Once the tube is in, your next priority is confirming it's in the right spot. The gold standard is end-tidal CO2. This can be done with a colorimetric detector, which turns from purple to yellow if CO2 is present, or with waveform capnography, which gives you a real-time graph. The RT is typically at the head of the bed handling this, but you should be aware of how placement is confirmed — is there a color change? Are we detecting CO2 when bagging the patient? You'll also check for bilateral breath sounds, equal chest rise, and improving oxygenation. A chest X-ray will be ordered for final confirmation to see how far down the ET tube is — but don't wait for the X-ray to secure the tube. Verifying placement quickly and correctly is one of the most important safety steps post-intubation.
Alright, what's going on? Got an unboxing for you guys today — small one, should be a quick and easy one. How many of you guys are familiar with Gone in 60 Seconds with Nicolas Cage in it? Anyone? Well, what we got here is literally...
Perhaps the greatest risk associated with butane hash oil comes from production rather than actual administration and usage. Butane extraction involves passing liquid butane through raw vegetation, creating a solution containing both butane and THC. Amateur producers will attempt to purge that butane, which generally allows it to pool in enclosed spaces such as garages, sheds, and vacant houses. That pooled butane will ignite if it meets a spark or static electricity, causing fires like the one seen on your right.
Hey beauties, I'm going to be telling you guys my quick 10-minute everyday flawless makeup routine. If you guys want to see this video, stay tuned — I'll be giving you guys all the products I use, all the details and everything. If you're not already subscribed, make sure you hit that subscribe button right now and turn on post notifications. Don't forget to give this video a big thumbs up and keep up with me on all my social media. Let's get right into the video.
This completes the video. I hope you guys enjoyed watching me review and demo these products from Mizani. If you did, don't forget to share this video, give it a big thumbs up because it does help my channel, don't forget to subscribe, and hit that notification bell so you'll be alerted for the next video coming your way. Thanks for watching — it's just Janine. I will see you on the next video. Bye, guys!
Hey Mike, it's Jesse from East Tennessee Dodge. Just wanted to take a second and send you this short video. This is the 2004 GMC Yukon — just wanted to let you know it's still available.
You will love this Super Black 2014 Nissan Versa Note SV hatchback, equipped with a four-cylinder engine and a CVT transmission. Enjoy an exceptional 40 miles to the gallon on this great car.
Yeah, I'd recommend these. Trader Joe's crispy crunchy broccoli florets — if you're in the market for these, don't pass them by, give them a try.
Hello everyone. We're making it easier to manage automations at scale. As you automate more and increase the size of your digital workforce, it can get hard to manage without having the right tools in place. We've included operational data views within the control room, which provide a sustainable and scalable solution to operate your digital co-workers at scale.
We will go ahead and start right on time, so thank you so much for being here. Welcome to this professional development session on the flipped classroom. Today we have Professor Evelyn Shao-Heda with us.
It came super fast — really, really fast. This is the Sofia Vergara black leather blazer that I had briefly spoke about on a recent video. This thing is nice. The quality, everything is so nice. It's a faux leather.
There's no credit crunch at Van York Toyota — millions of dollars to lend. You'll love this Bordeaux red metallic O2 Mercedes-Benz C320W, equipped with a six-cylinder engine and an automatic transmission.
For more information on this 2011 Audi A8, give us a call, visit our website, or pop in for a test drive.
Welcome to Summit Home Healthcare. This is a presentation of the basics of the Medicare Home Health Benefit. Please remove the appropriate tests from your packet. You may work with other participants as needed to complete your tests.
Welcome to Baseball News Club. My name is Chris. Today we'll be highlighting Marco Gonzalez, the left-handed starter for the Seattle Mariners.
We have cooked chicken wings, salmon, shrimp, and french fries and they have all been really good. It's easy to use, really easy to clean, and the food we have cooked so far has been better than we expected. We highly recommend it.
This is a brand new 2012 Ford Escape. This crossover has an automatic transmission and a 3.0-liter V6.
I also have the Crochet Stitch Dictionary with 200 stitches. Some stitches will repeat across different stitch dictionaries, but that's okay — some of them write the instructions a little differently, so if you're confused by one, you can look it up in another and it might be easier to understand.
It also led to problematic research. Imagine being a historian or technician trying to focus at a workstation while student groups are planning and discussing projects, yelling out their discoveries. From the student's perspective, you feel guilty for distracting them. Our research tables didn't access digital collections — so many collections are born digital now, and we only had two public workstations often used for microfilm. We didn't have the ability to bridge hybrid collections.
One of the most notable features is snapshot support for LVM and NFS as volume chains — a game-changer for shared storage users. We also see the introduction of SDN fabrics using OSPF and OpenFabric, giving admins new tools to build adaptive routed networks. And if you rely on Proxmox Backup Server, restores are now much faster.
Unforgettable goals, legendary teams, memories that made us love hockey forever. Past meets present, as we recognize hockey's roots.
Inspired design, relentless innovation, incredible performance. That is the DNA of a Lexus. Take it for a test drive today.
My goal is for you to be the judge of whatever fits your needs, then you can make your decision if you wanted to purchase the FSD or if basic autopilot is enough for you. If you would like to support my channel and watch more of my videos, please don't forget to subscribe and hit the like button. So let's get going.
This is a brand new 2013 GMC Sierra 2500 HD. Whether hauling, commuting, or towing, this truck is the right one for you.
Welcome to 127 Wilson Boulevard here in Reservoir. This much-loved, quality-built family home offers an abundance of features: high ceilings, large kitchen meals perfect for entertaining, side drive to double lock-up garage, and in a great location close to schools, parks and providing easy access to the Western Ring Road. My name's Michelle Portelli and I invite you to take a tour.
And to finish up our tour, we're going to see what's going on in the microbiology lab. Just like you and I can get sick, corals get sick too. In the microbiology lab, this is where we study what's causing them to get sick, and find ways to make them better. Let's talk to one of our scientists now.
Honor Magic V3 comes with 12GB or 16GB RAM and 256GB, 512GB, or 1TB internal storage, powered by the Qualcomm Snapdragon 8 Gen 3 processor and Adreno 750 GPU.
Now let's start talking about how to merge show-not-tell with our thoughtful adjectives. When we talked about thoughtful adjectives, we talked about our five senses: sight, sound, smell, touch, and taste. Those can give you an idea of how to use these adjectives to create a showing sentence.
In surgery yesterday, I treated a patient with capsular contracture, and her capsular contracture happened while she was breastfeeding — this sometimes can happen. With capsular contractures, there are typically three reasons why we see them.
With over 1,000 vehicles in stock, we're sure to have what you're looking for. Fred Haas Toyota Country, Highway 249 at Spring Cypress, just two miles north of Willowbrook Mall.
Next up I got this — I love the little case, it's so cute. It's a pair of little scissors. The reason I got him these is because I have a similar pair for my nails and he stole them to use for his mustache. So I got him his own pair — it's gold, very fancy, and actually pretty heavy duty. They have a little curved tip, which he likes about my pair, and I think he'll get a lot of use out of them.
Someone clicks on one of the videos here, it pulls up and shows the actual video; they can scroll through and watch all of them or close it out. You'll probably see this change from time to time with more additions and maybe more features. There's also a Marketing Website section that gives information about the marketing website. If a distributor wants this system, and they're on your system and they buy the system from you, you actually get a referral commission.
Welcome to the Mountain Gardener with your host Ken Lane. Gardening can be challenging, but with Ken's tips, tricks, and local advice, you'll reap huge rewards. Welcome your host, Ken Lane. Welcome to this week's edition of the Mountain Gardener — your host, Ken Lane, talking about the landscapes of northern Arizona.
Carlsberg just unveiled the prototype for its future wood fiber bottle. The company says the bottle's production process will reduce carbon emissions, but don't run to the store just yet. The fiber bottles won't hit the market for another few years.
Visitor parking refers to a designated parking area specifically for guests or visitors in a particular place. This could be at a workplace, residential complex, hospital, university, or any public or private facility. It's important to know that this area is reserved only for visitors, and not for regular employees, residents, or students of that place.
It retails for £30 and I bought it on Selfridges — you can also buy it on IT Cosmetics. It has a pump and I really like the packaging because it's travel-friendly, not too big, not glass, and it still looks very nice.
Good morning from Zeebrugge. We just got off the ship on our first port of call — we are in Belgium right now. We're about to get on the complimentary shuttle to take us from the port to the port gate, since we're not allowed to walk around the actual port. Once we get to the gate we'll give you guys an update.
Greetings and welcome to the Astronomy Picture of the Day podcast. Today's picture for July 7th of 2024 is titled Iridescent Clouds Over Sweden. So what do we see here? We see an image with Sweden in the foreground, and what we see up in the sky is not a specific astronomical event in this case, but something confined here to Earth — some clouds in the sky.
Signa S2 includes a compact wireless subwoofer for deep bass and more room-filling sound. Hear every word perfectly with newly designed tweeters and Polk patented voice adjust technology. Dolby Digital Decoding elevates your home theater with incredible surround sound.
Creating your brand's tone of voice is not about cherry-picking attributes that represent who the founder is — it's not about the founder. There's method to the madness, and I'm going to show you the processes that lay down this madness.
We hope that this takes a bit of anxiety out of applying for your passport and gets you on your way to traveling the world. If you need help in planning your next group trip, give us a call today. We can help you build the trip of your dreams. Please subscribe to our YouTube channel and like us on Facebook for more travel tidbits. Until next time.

::::::::

▶ TASK TO CARRY OUT: Return only the lines spanning from the first line of the material through the line with "Perhaps the greatest", copied exactly, both ends kept.

▶ ANSWER TO THE EXERCISE:
Once the tube is in, your next priority is confirming it's in the right spot. The gold standard is end-tidal CO2. This can be done with a colorimetric detector, which turns from purple to yellow if CO2 is present, or with waveform capnography, which gives you a real-time graph. The RT is typically at the head of the bed handling this, but you should be aware of how placement is confirmed — is there a color change? Are we detecting CO2 when bagging the patient? You'll also check for bilateral breath sounds, equal chest rise, and improving oxygenation. A chest X-ray will be ordered for final confirmation to see how far down the ET tube is — but don't wait for the X-ray to secure the tube. Verifying placement quickly and correctly is one of the most important safety steps post-intubation.
Alright, what's going on? Got an unboxing for you guys today — small one, should be a quick and easy one. How many of you guys are familiar with Gone in 60 Seconds with Nicolas Cage in it? Anyone? Well, what we got here is literally...
Perhaps the greatest risk associated with butane hash oil comes from production rather than actual administration and usage. Butane extraction involves passing liquid butane through raw vegetation, creating a solution containing both butane and THC. Amateur producers will attempt to purge that butane, which generally allows it to pool in enclosed spaces such as garages, sheds, and vacant houses. That pooled butane will ignite if it meets a spark or static electricity, causing fires like the one seen on your right.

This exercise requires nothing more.